With Infinity Ward turning into a ghost of its former self, it has been left to Treyarch to become the lead Call of Duty developer with their string of Black Ops games. Black Ops 3 is the latest installment into the multi-million unit selling franchise and expectations were high after Black Ops 2’s stellar multi-player suite. The success with multi-player continues with Black Ops 3, as well as the return of Zombies mode which is the best it’s ever been. However Treyarch did not deliver anywhere near an acceptable level of quality with this year’s campaign mode. Muddled with a confusing and boring plot, tired cutscenes, and uninspiring level design, Black Ops 3 was one step away from shooter greatness only to be held down by its campaign experience.


Said campaign is a chore to play through, even with the all-new 4-player co-op added. Characters are dull and lifeless, and the sci-fi plot doesn’t do enough for me.
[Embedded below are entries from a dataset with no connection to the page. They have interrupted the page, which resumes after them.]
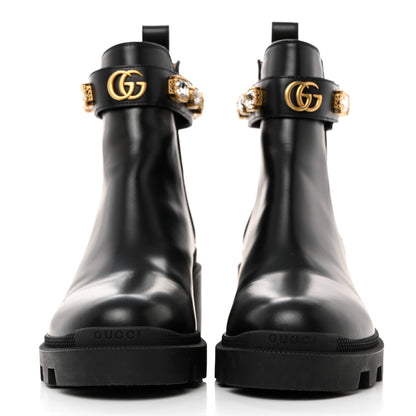 Gucci Calfskin Crystal GG Trip Chelsea Ankle Boots 38.5 Black 2 of 8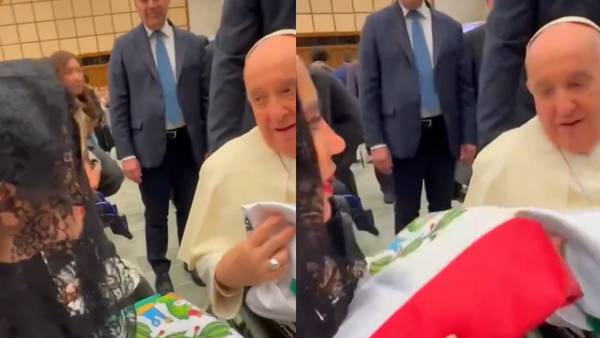 Sandra Cuevas visita al Papa Francisco y le regala una bandera de México (VIDEO)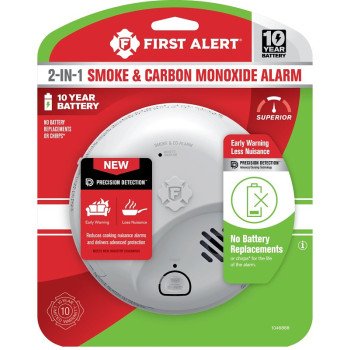 First Alert 1046888 Smoke and Carbon Monoxide Alarm, 85 dBA, Ionization Sensor, White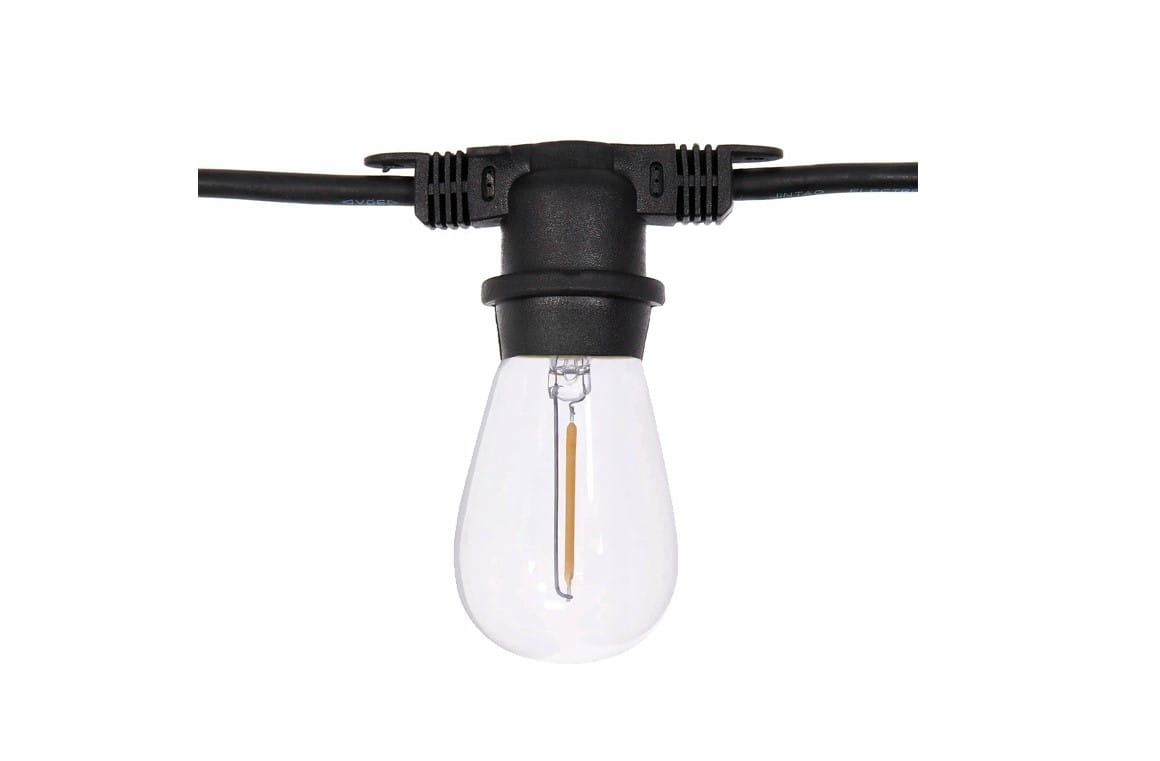 Girlanda ogrodowa 10 m w kolorze czarnym z 10 żarówkami LED E27 1W. Ujęcie z boku, widoczna jedna żarówka w przezroczystym kloszu, zawieszona na czarnym kablu. Żarówka ma prosty kształt, z widocznym filamentem w środku.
I was never engrossed with what was happening on screen as it all passed by too quickly. In terms of the mission and level design, you’re mostly just getting from point A to point B with some vehicle sections thrown in. While the majority of the campaign is uber linear and has you going down constricted lanes, it does open up some of the time which provided the best gameplay sections in the campaign. My partner and I would use this to our advantage and with the game allowing players to create a class for campaign levels, the teamwork and combination of different abilities and weapons was a blast while it lasted. Too many times though, the game would give you a decently sized playground to fool around in just for it to take it away from you far too quickly and throw you in a three wave defense mission or an impossibly difficult assault to get inside a building being defended by dozens of foot soldiers and huge robots. The custom classes also extend to three branching ability trees: control, martial, and chaos. Martial surrounds a variety of ability and movement options like deploying a smokescreen around you character or being ability to the boost movement stats of your soldier, and control covers the ability to turn the enemies weapons against them like hacking vehicles and piloting them yourself, or turning robot soldiers into allies as they fight alongside you. But it is the chaos ability line you want to focus on purely from the sheer amount of robots and other tech equipment you can hack and sabotage. A quick pop out of cover and use of the ability can send half of the enemies on screen flying across the battlefield in blown up carcasses, allowing you to focus your gunfire on the human enemies. There are also dream sequences that break up the gameplay with one of them in particular playing around with visual effects to make the player feel as though they are in an environment being moved around and flipped on its head as you play. Every so often the game throws some large robots to take out as well, but it’s never satisfying and I was always wanting to return to the more open level structure.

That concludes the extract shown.